Stored dataset items
-.-.-

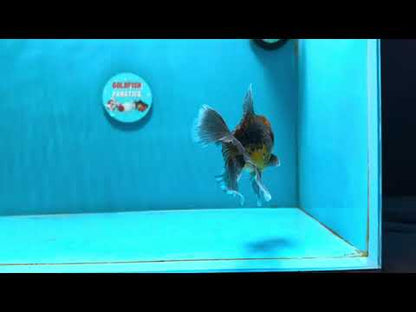 [SINGLE] Kirin Oranda Male 4-4.5 inches #112924SO_16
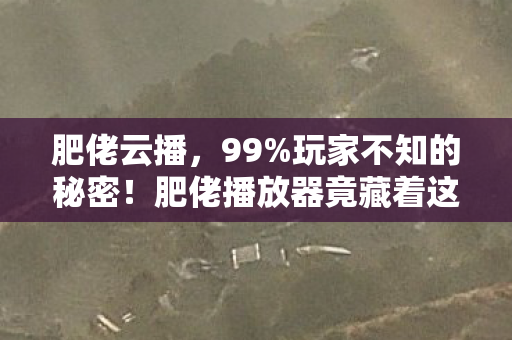 肥佬云播,99%玩家不知的秘密!肥佬播放器竟藏着这扎心真相? 肥佬云播,99%玩家不知的秘密!肥佬播放器竟藏着这扎心真相?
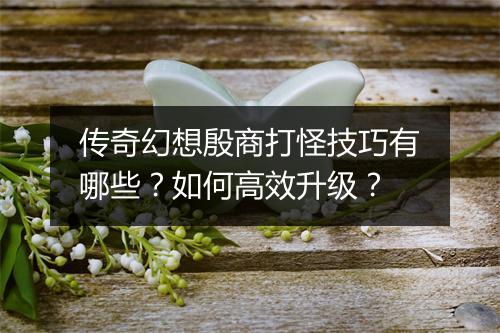 传奇幻想殷商打怪技巧有哪些？如何高效升级？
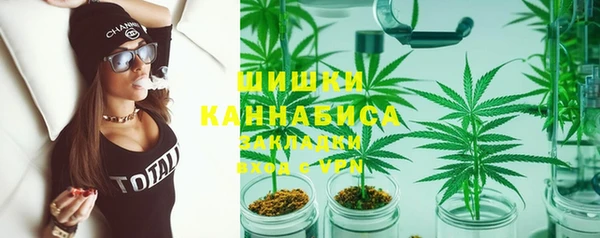 гашик Балахна
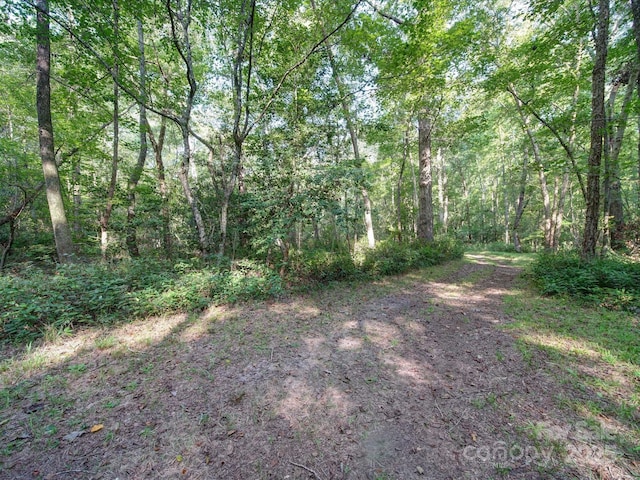 view of nature with a wooded view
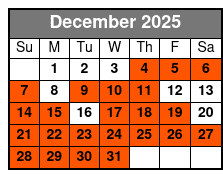 Island Sunset and Skyway Light Show in St. Petersburg December Schedule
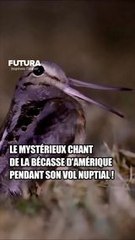 Le mystérieux chant de la Bécasse d'Amérique pendant son vol nuptial !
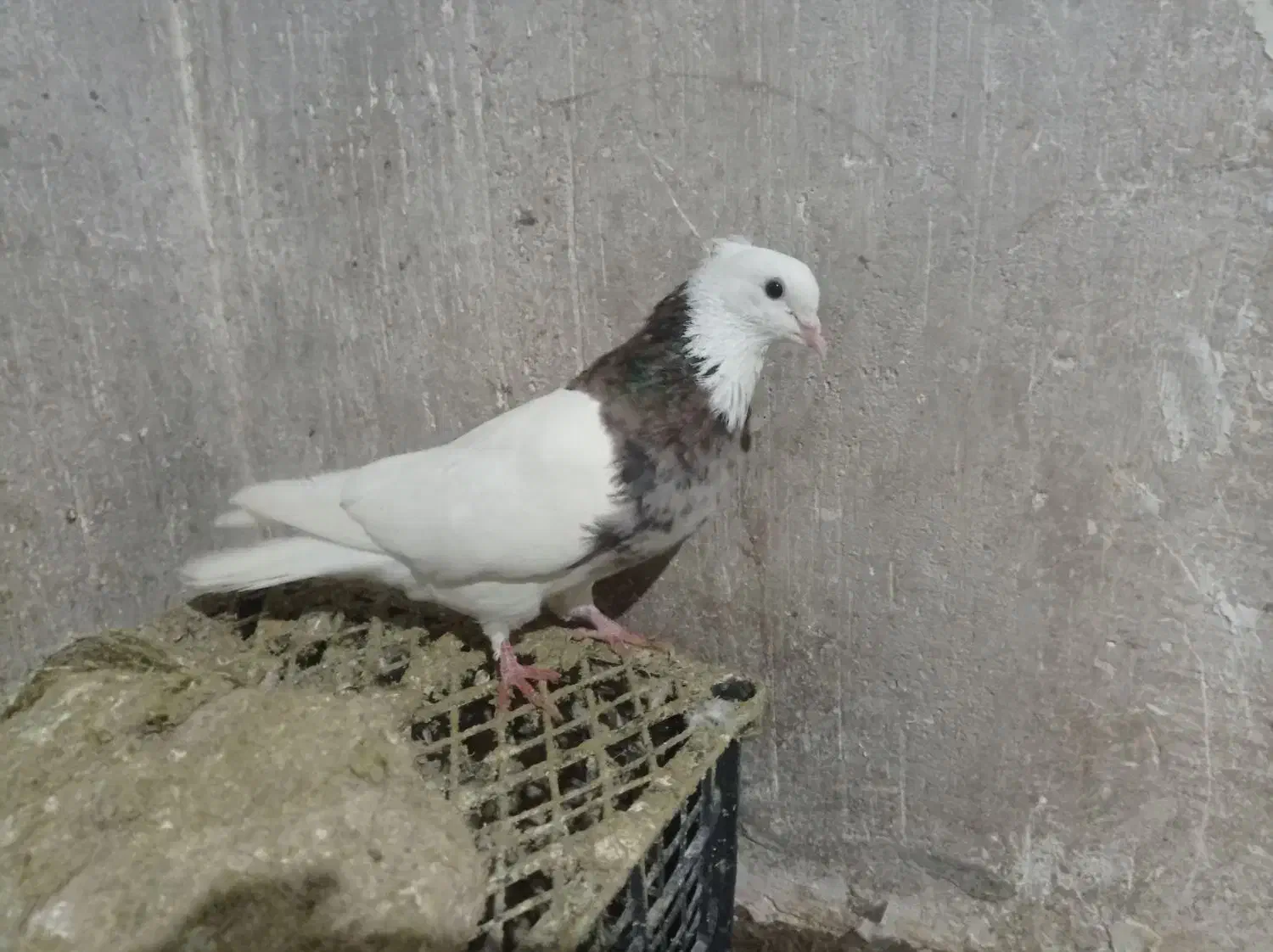 طوقی هفت رنگ|پرنده|مینودشت, |دیوار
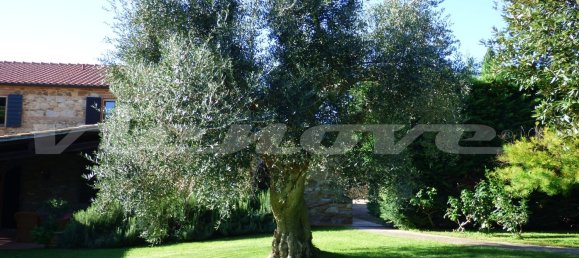 9 bedrooms House in Campiglia Marittima, Italy No. 225696 38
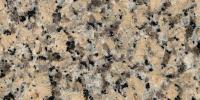 Amarelo Gaucho Granite Image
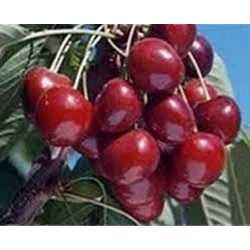 نهال گیلاس هلندی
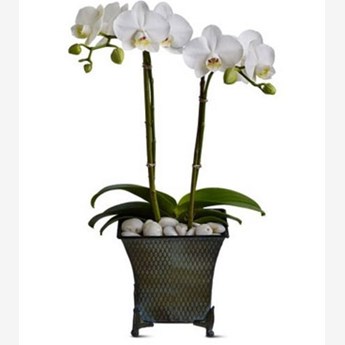 Phalaenopsis Plant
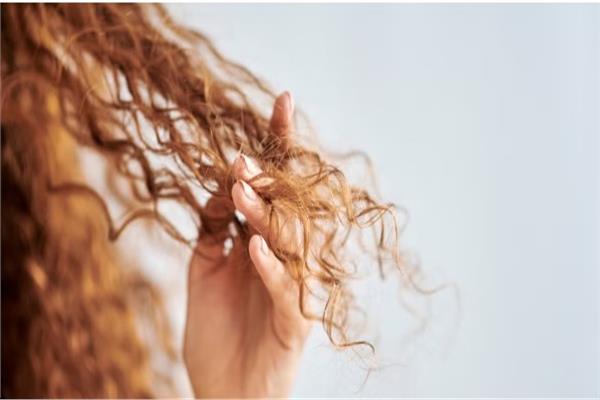  أطعمة تساعد في نمو الشعر وكثافته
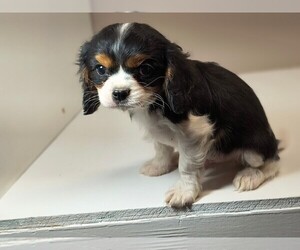 Cavalier King Charles Spaniel Puppy for sale in CLARK, MO, USA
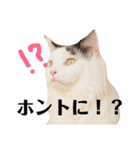 アクティブ・にゃんこ1（個別スタンプ：1）
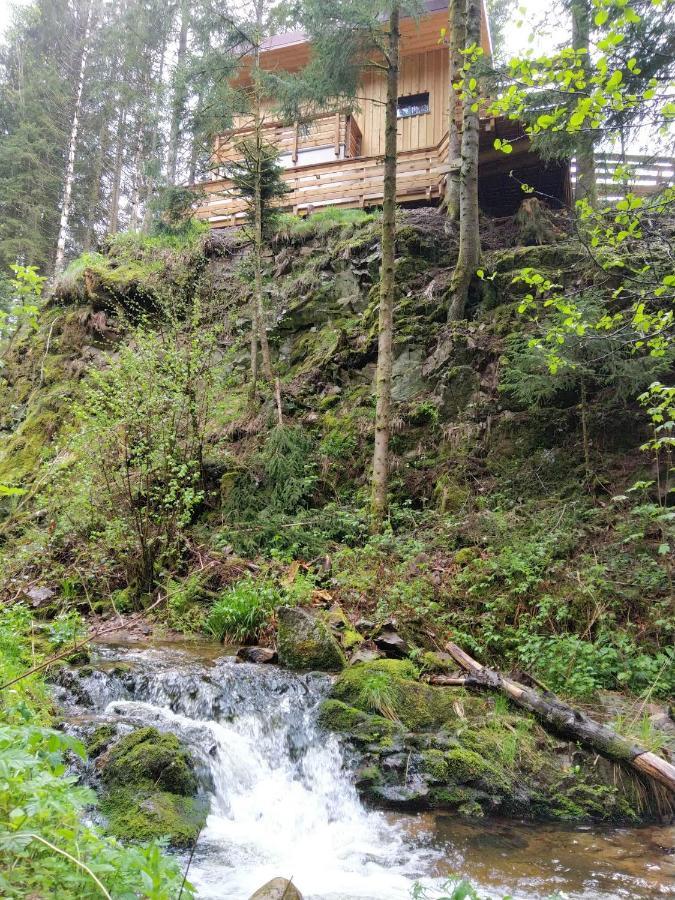 Le Refuge Perche Du Saut De La Bourrique Spa, Terrain Cloture جوراردُميه المظهر الخارجي الصورة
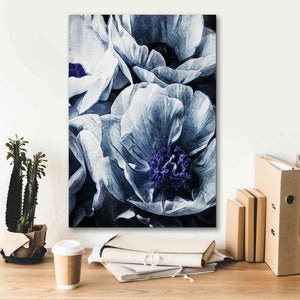 'Peony Blue Petals 2' by Ashley Aldridge Giclee Canvas Wall Art,18 x 26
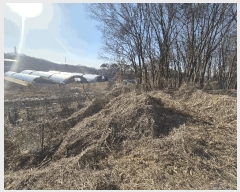  2025Ÿ326 泲 ƻ â ȭ 81-12      (1)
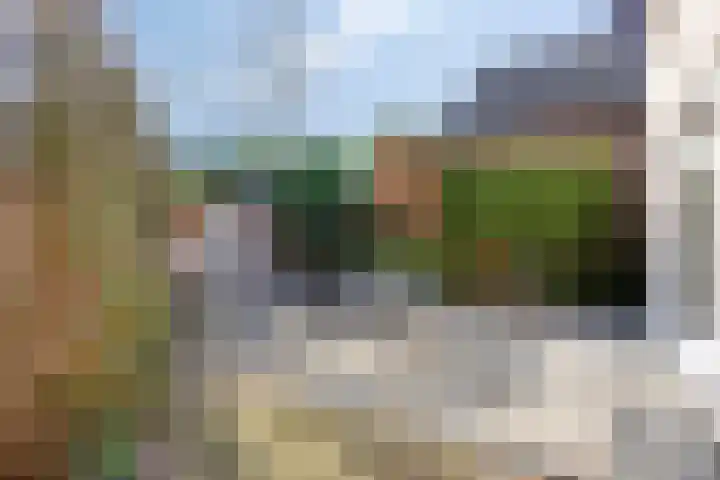 Elzendreef 36 Geffen thumbnail 44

-.-.-

PROBLEM TO WORK ON:
Nothing but the lines from the line containing "Amarelo Gaucho Granite Image" to the end of the records above should be repeated, exactly and with every picture omitted.

EXERCISE ANSWER:
 Amarelo Gaucho Granite Image
 نهال گیلاس هلندی
 Phalaenopsis Plant
  أطعمة تساعد في نمو الشعر وكثافته
 Cavalier King Charles Spaniel Puppy for sale in CLARK, MO, USA
 アクティブ・にゃんこ1（個別スタンプ：1）
 Le Refuge Perche Du Saut De La Bourrique Spa, Terrain Cloture جوراردُميه المظهر الخارجي الصورة
 'Peony Blue Petals 2' by Ashley Aldridge Giclee Canvas Wall Art,18 x 26
  2025Ÿ326 泲 ƻ â ȭ 81-12      (1)
 Elzendreef 36 Geffen thumbnail 44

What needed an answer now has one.